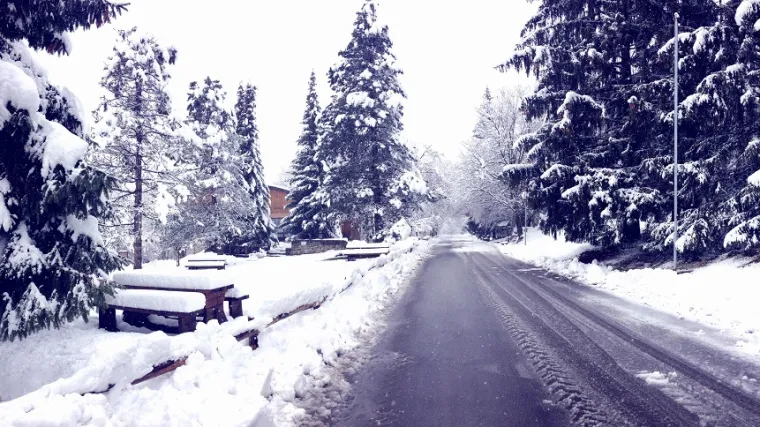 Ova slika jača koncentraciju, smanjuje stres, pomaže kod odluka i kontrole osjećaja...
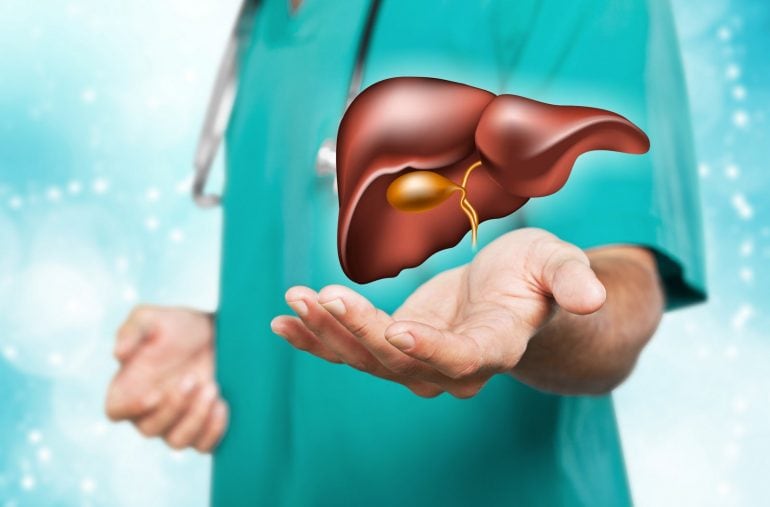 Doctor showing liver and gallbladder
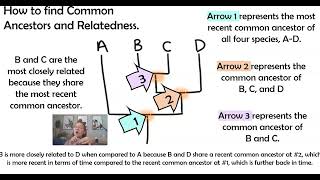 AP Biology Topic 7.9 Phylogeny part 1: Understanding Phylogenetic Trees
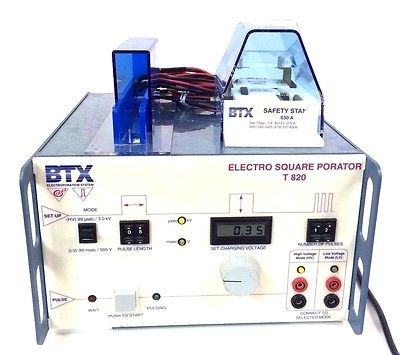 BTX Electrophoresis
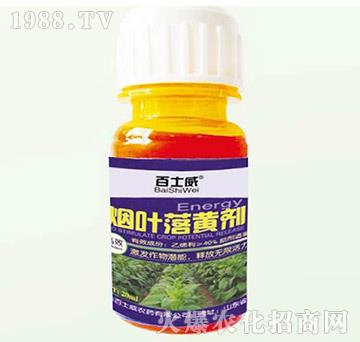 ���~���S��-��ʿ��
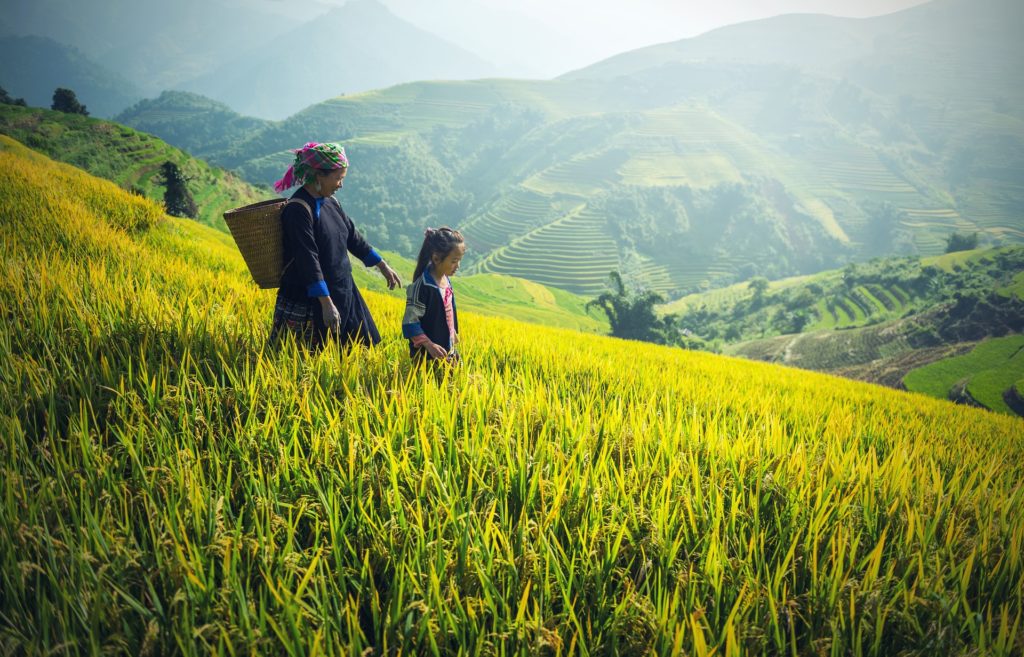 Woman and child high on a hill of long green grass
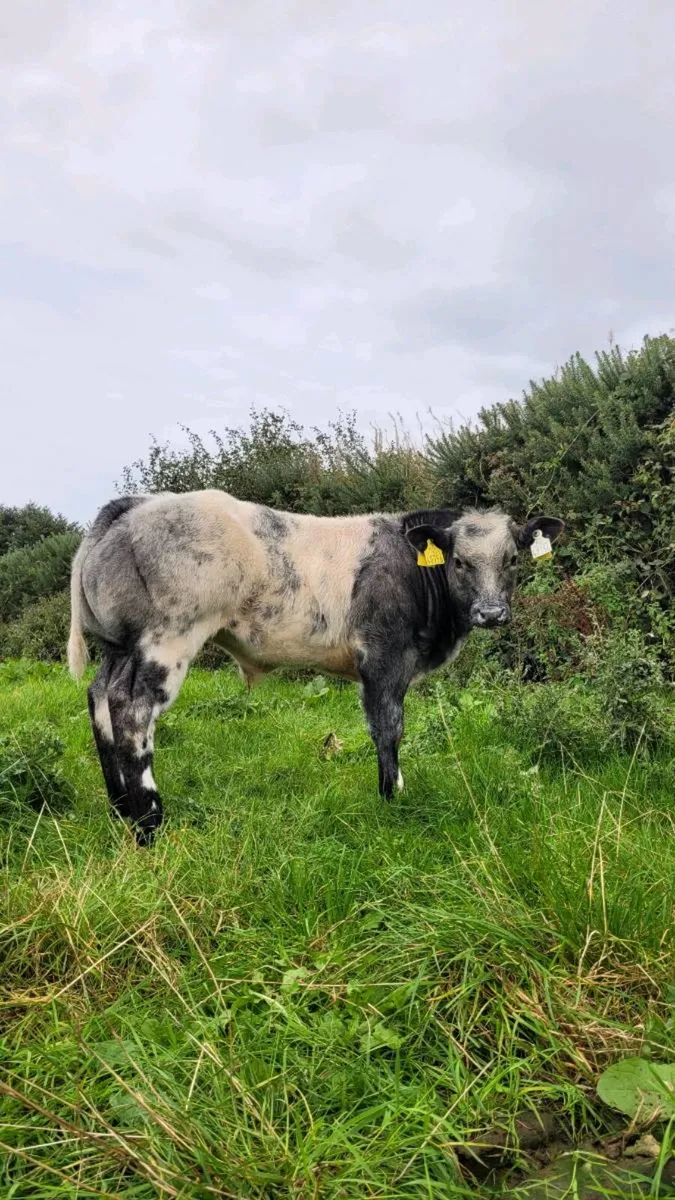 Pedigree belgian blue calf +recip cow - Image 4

* Task description:
Output exactly the lines from the line with "BTX Electrophoresis" to the last line of the records, including both, and leave every picture out.

* Response area:
 BTX Electrophoresis
 ���~���S��-��ʿ��
 Woman and child high on a hill of long green grass
 Pedigree belgian blue calf +recip cow - Image 4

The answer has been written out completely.